With the lead from a pencil I can make thin delicate words and lines, bold solid black forms, and wispy, smooth gray shadings. All with the same soft lead. Everybody can, anybody — no experience necessary. Everybody can do it, from the very beginning, right out of the box.

Any pencil will do, but my absolute favorite would have to be a TICONDEROGA #2, brand new (they don’t last long) and freshly sharpened. Golden yellow (Cadmium yellow), six-sided, with yellow and green ferrule, and at one end a pink eraser.

Sharpening a new pencil, cutting away the wood to get at the lead, was, at first, very conservative: a hand-held sharpener with one or more hobs for various thickness of pencil. A little later on, and more interesting and bold: a penknife (a non-threatening, pencil-sharpening-only penknife). More limiting: a wall- or desk-mounted hand-turned apparatus.

Up/down, side/side, cross/cross, scribble/scribble, swirl, and then smudge/smudge with a thumb or finger. A wonderful way to make marks on paper. Spare use of the eraser preserves it and avoids losing some potentially useful bit.

Number two is a degree of lead soft enough for most of my needs, but if I must have a very bold, extra-black image for a dog or a train in a tunnel or the night sky, only an EBONY VERIBLACK will do. The whole pencil is black, the lead very soft with unparalleled smudge-ability.

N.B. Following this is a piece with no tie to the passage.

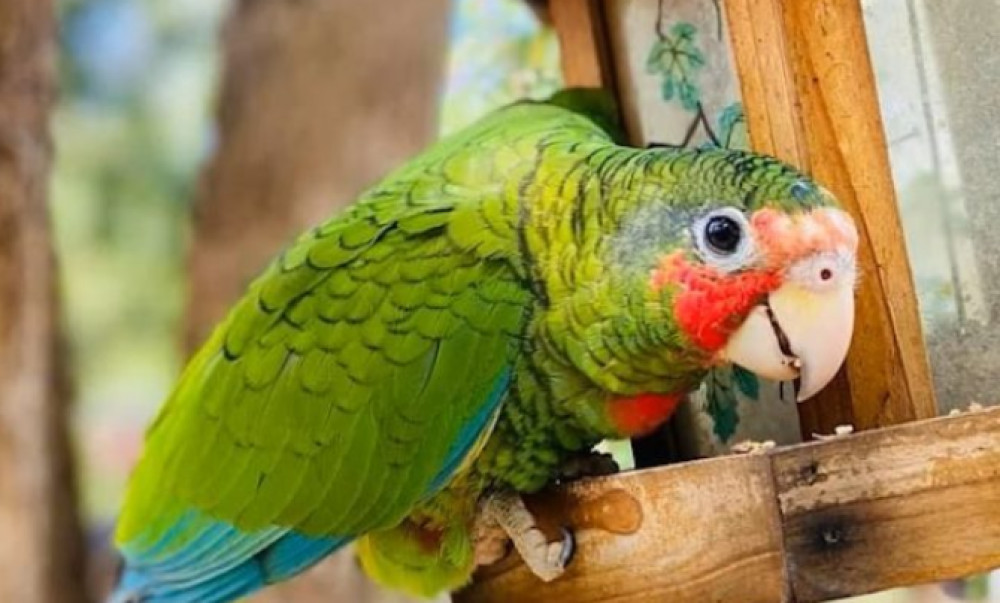 The Cayman Parrot Sanctuary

Sketching, note-taking, list-making using a lead pencil in sketchbooks, on envelopes, and on bits of paper of every size and description is a necessary, useful, and pleasurable part of my life. Finding a bit of an old pencil note or sketch, no matter how cryptic, can bring entire events into focus.

Never-used lead pencils also have their place. I often come across pencils in my drawer that say Grand Rapids, Michigan; Bismark, North Dakota; Meteor Crater, Arizona; Mississippi State University. I’m sure the lead in any of these pencils would produce very satisfactory images, but I can’t bring myself to spoil the typography in order to use them. So I’ll just sharpen another TICONDEROGA #2 and get busy.